WHAT NEEDS TO BE DONE: All of the data, word for word and free of pictures, is the expected result.

DATASET EXCERPT:
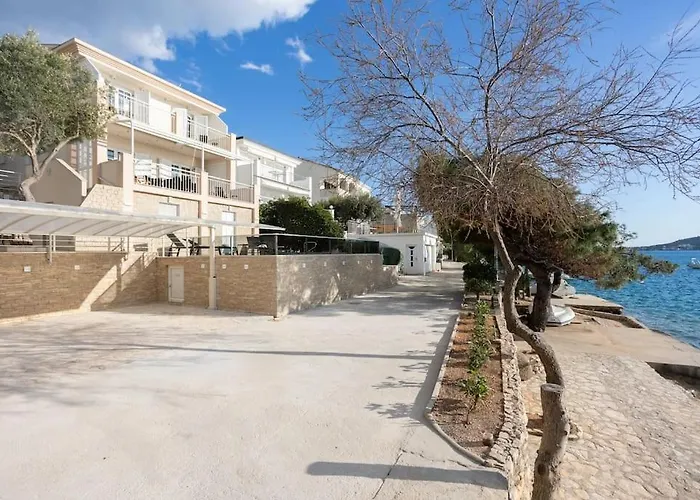 Sea Touch - Beachfront, With A Heated Pool ヴィラ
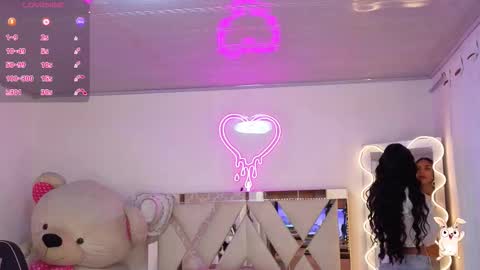 Snapshot of jazmin_tay chatting on 11-26-25, 11:44 Jazmin online show from 11-26-25, 11:44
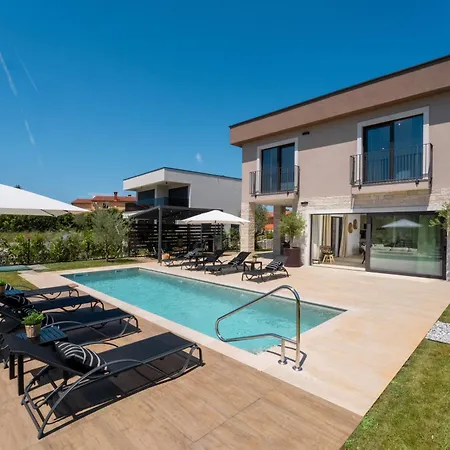 Palazzina 1 Mit Pool Und Wellness Feriehus *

ANSWER BOX:
 Sea Touch - Beachfront, With A Heated Pool ヴィラ
 Snapshot of jazmin_tay chatting on 11-26-25, 11:44 Jazmin online show from 11-26-25, 11:44
 Palazzina 1 Mit Pool Und Wellness Feriehus *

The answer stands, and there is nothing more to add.